Fire Safety in First Nations communities is a challenge. Overcrowding and housing repair remain a concern and are just a few of the many factors that contribute to this tragic situation*1.
In the early 2000’s, the Canada Mortgage and Housing Corporation (CMHC) reported that members of First Nation communities across Canada were 10.4 times more likely to die in a fire than the rest of Canadians, per capita. Since then, we have continued to experience fatalities throughout other Nations such as the Inuit and Metis Nations.
A recent report released by Statistics Canada, commissioned by the National Indigenous Fire Safety Council Project (NIFSC) and funded by Indigenous Services Canada, examined the mortality and morbidity related to fire, burns and carbon monoxide poisoning among First Nations people, Métis and Inuit. This study indicated that Indigenous People are over five times more likely to die in a fire. That number increases to over 10 times for First Nations people living on reserves. Inuit are over 17 times more likely to die in a fire than non-Indigenous people. Rates among Métis were higher than non-Indigenous estimates (2.1), but these rates were not significantly different. The study further stated that “The mortality and morbidity rates provided by the new Statistics Canada report are grim but underscore the vision for the National Indigenous Fire Safety Council.” The NIFSC Project has launched programs that include education and training in the areas of community fire safety, community governance support, community infrastructure and engineering support, fire department management, fire investigation services, and fire department operations; all of which are offered to First Nations populations living on reserve. You can see the full report on the NIFSC website: www.indigenousfiresafety.ca/mortality-and-morbidity-report-2021.
A sad reflection of my own thoughts as I connected the dots through my recollection of fire investigations that I have conducted in my Treaty Areas of 6, 7, and 8. I have found that there was limited fire prevention or public education available to the Nations. I would like to see nations placing more importance on fire and life safety prevention and public education so that we can stop fires from happening. Of course, communities must balance the needs of housing programs, water, sewer etc. but fire prevention must be a priority.
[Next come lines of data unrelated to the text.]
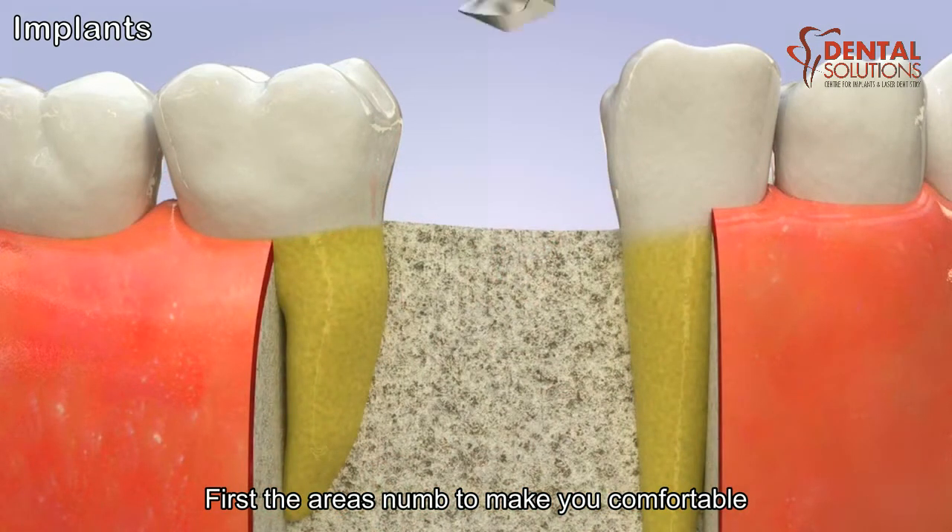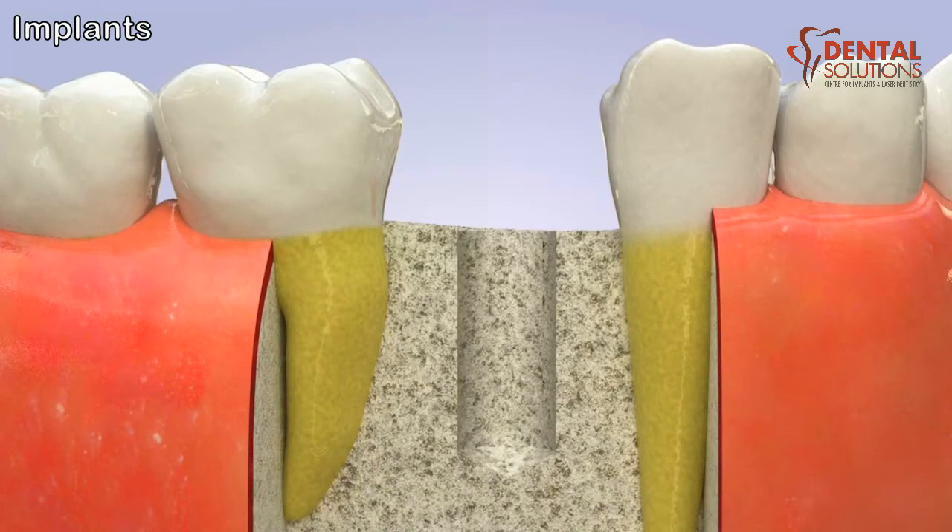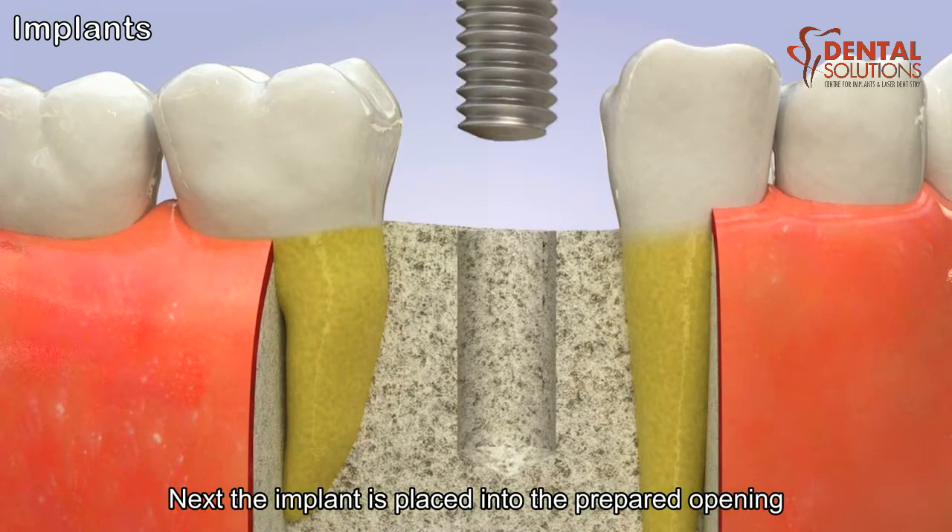First, the area is numbed to make you comfortable. Then the doctor will make an opening in the bone for the implant. Next, the implant is placed into the prepared opening.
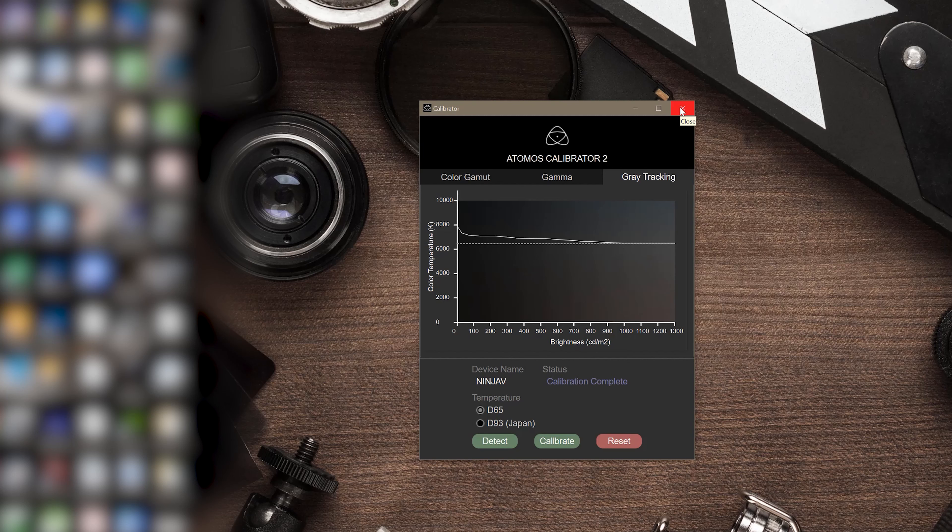Now our white balance on our Ninja V is correct. If you enjoyed this video, make sure you give me the thumbs up. And if you like the content, make sure you subscribe for more content like this coming forward. Take care and we'll see you on the next video.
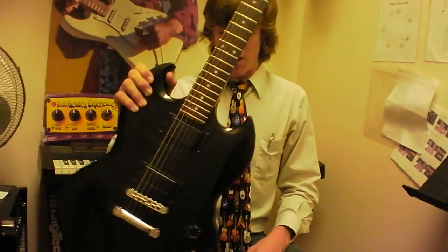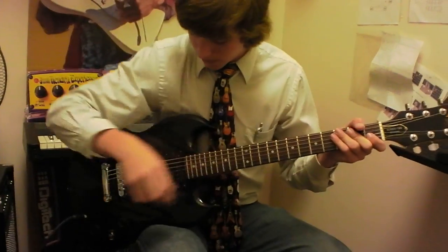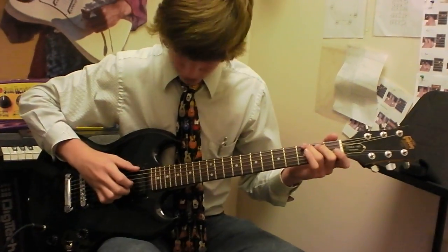This is Teddy down at Marian Music, and I'm going to show you one of our SGs that one of our employees built. It's got a black Gibson SG Special body, necked off an old Gibson Sonics, plays really well. He wired it up himself, humbuckers in it, and here's some clean tones for you.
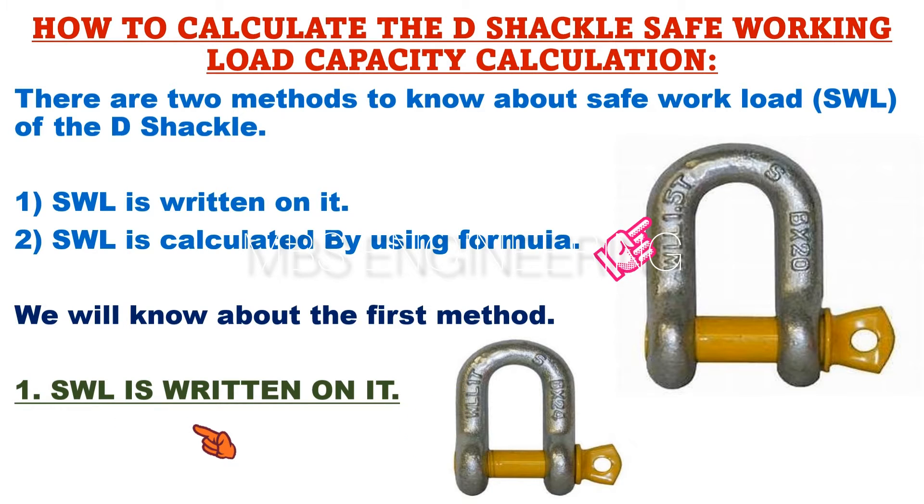Next, please refer to the snaps. On a big D-shackle, the safe working load capacity of 1.5 tonne is written.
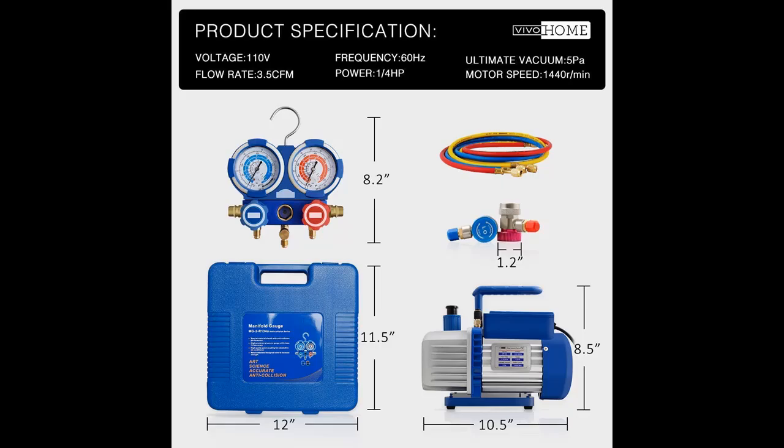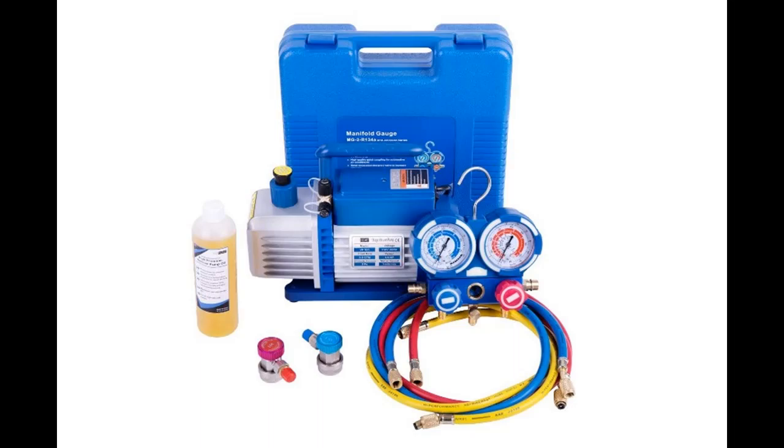Perfect for maintaining R134A, R12, R22, and R502 air conditioning systems. Not suitable for R410A systems. Package includes one single-stage vacuum pump and gauge set, which can be used both for automobiles and home air conditioning units.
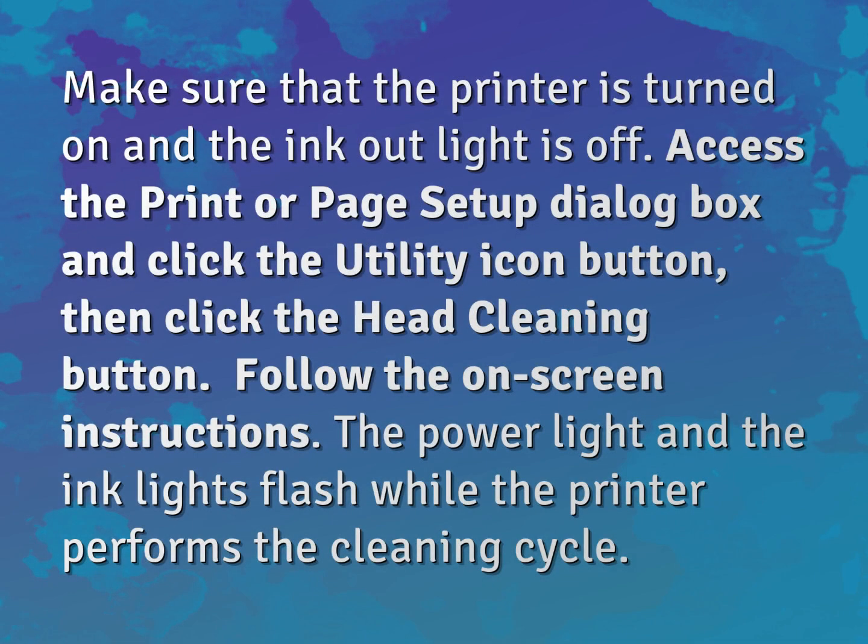Make sure that the printer is turned on and the ink out light is off. Access the printer page setup dialog box and click the utility icon button, then click the head cleaning button.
It is much better to stop a fire from happening than to respond in the hopes of putting it out.
It is important that First Nations develop fire and life safety public education programs and try to reduce property damage, injury and fatalities, while still preserving our traditional land stewardship. 60% of First Nations across Canada live in the vastly forested areas and many may not be participating in FireSmart programs focused on reducing fire loads in their communities. FireSmart Canada has an initiative where they highlight stories of fire stewardship in Indigenous Communities. Blazing the Trail: Celebrating Indigenous Fire Stewardship is an inspirational for all Indigenous peoples. Forest dwellers, women, and local communities Joji Cariño is another recommended read on this subject: http://www.nafaforestry.org/ff/download/volume_5_topic_29_.pdf.
To add more fuel to the fire, we also need to look at other fire prevention measures in fire risk. First Nation communities that evaluate fire risk in their backyard will determine the types of programs needed to reduce risks facing their specific communities. Data on everything – from testing smoke alarms to cigarette smoking to cooking safely can be compiled and measured. With this information, the Indigenous Fire Marshal Service (IFMS) can assist First Nation communities in their Community Risk Reduction Plans. Data-based decision making will support better outcomes.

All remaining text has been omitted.